= Gabriel Mekler =

American songwriter, musician, and record producer (1942–1977)

Gabriel Mekler (2 December 1942 – 4 September 1977) was an American songwriter, musician, and record producer who attained fame in the 1960s, helming albums for Steppenwolf, Three Dog Night, and Janis Joplin. He also collaborated with R&B singer Etta James for two critically acclaimed albums in the early 1970s, mixing blues, soul, and then topped it off with Genya Ravan production jazz and rock.

==Career==
Born in Mandatory Palestine, Mekler was a classically trained pianist. He grew up in Israel and left to the United States in the '60. Upon arriving in Los Angeles, California, Mekler sought out Dunhill Records and was hired as a staff producer, despite his lack of production experience or familiarity with rock and roll and pop music. His first project at Dunhill was with folk-pop band The Lamp of Childhood, where he oversaw studio sessions, contributed songs and played piano. The group's three singles flopped but Mekler's next project, Steppenwolf, made music history. It was Mekler who suggested the name "Steppenwolf" to the band's members, having just read the Hermann Hesse novel.

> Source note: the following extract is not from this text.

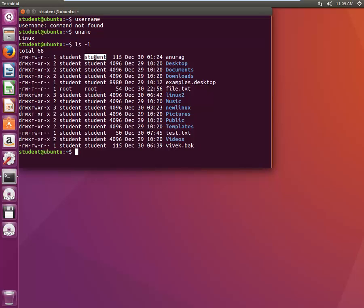System users are used only to authenticate a machine. You and I won't be required to use system users directly, but suppose you are installing a web server like Apache — Apache is a system-generated user. There is an important file in Linux that has all user details: /etc/passwd.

A year after the Steppenwolf recordings, Mekler launched hits from Three Dog Night such as "One", "Try a Little Tenderness", "Eli's Coming", "Easy to Be Hard", and "Celebrate". Other studio credits include keyboard work with Cher, Donovan and David Clayton-Thomas as well as producing songs for Dinah Washington.

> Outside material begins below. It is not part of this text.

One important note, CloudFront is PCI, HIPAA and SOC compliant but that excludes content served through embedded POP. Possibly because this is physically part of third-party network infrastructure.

He married Dorothy J. Scully on 2 August 1967 in Los Angeles, CA, and they divorced in November, 1974 in Los Angeles, CA. Mekler was Jewish.

In 1971, Mekler founded his own labels, Vulture and Lizard Records, based on Sunset Boulevard in Los Angeles. Artists signed to Lizard/Vulture included Nolan Porter, Clydie King, Jamul, Paul Humphrey & the Cool Aid Chemists and The Frantics. Despite national chart success both Vulture and Lizard Records collapsed in mid 1972. Mekler remained in demand for his production talent until his death from a motorcycle accident, in September 1977.

Mekler also produced Genya Ravan's Goldie Zelkowitz album, the title utilizing her stage name from Goldie and the Gingerbreads, and the last name of her father, who died during this recording.